- Problem to work on: Every line below between the line holding "Canvas schilderij - Hangmat" and the line holding "Hermes City Zip", inclusive, should be repeated exactly, and all other lines omitted.

- Dataset excerpts:
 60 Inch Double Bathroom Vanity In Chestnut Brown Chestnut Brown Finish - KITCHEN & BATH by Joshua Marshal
* * *
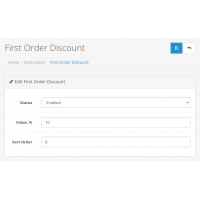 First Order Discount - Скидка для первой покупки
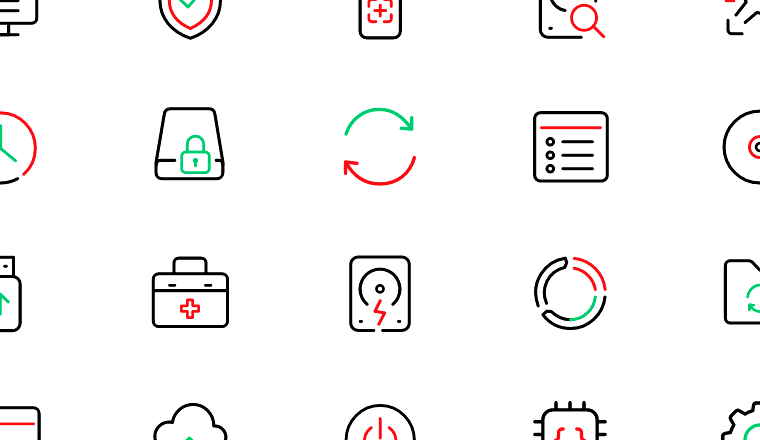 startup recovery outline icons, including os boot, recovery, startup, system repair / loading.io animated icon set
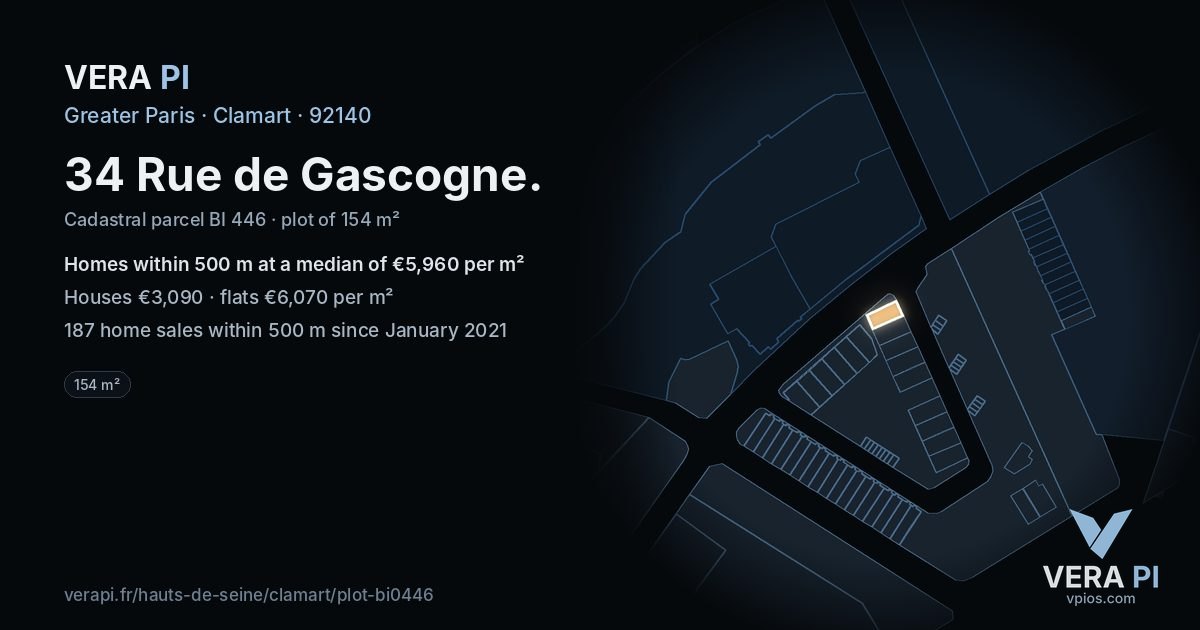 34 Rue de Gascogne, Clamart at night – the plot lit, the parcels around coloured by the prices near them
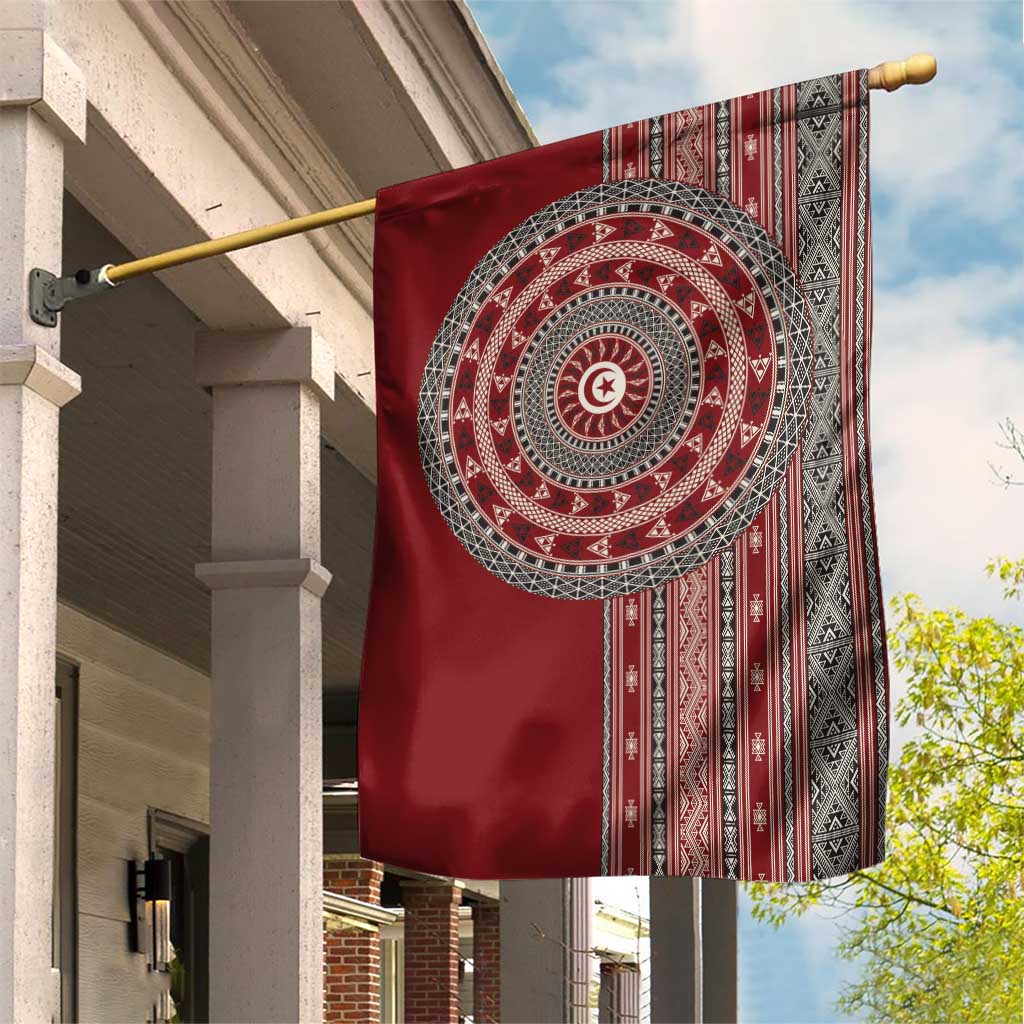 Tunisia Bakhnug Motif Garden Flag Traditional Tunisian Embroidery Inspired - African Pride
* * *
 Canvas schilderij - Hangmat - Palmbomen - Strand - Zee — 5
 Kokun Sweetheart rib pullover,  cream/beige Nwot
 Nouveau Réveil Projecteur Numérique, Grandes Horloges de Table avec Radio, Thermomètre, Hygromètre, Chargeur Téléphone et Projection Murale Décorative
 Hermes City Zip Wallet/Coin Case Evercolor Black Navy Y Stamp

- Problem solution:
 Canvas schilderij - Hangmat - Palmbomen - Strand - Zee — 5
 Kokun Sweetheart rib pullover,  cream/beige Nwot
 Nouveau Réveil Projecteur Numérique, Grandes Horloges de Table avec Radio, Thermomètre, Hygromètre, Chargeur Téléphone et Projection Murale Décorative
 Hermes City Zip Wallet/Coin Case Evercolor Black Navy Y Stamp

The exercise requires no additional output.